### Exercise aim
Start at the line with "Lloyd 2357600 DELAWARE, Klassische" in the records below, stop at the line with "Tissot /. foto 7", and return every line in that span exactly, the two end lines included.

== Source information ==

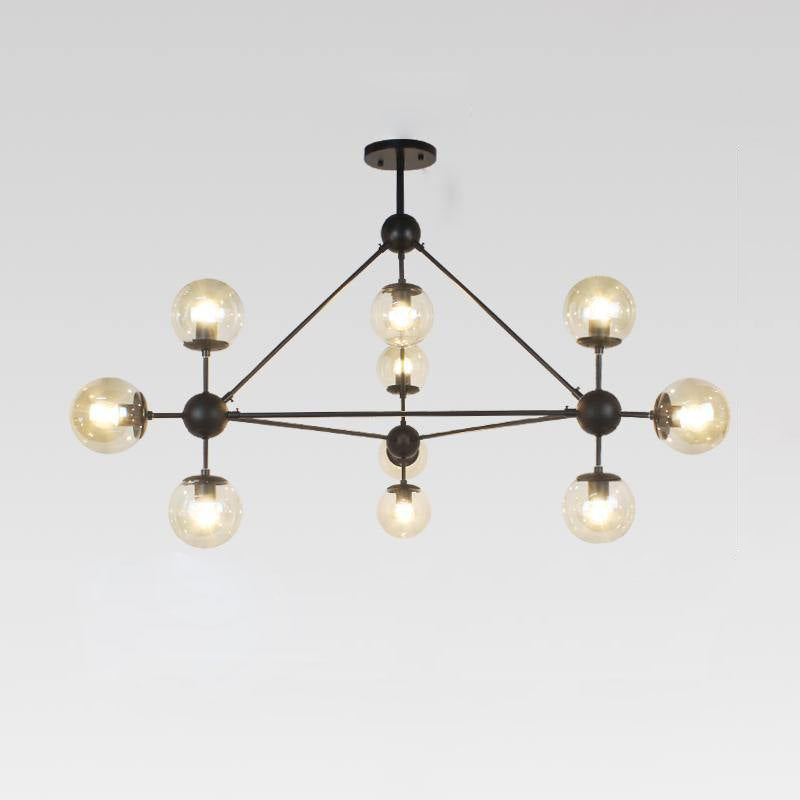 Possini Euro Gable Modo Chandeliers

===
== Source information ==

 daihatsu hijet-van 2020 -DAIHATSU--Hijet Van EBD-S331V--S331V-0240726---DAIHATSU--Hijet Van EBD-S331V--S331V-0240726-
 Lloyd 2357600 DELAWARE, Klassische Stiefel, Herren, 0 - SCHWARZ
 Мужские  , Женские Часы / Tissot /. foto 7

===

### The completed task
 Lloyd 2357600 DELAWARE, Klassische Stiefel, Herren, 0 - SCHWARZ
 Мужские  , Женские Часы / Tissot /. foto 7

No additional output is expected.